- **The task**
Only the count is wanted here: how many lines of the entries hold the string "some"?

^^^^

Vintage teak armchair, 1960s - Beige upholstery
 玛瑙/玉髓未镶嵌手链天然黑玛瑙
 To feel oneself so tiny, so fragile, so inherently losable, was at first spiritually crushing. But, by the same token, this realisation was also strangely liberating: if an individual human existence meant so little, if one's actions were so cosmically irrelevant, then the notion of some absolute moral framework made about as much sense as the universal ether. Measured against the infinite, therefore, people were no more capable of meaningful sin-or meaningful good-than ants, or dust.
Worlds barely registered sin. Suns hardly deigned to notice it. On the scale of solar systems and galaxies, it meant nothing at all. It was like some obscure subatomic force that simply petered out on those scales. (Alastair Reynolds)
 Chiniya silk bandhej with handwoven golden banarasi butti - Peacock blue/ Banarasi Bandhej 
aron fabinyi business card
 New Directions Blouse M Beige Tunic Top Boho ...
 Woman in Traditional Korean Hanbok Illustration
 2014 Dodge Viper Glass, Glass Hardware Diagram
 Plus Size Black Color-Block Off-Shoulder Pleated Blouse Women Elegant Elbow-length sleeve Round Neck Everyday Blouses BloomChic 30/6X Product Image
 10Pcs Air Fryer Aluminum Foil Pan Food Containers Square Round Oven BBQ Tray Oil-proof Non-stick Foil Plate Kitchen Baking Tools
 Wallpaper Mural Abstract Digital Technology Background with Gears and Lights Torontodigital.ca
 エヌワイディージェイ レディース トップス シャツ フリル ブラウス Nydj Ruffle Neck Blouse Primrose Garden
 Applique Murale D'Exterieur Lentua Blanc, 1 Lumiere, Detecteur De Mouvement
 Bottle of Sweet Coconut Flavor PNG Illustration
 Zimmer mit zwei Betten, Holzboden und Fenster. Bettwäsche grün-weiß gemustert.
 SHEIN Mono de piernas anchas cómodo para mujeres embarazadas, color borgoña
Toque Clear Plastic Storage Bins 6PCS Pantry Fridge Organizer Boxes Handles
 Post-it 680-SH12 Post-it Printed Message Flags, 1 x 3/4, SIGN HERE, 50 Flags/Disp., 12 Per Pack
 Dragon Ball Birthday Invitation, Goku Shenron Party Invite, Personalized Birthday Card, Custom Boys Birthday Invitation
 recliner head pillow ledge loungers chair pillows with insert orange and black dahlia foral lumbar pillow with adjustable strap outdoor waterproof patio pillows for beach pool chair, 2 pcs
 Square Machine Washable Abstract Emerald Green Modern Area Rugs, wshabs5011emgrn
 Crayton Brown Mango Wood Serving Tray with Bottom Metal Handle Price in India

^^^^

- **Exercise output**
2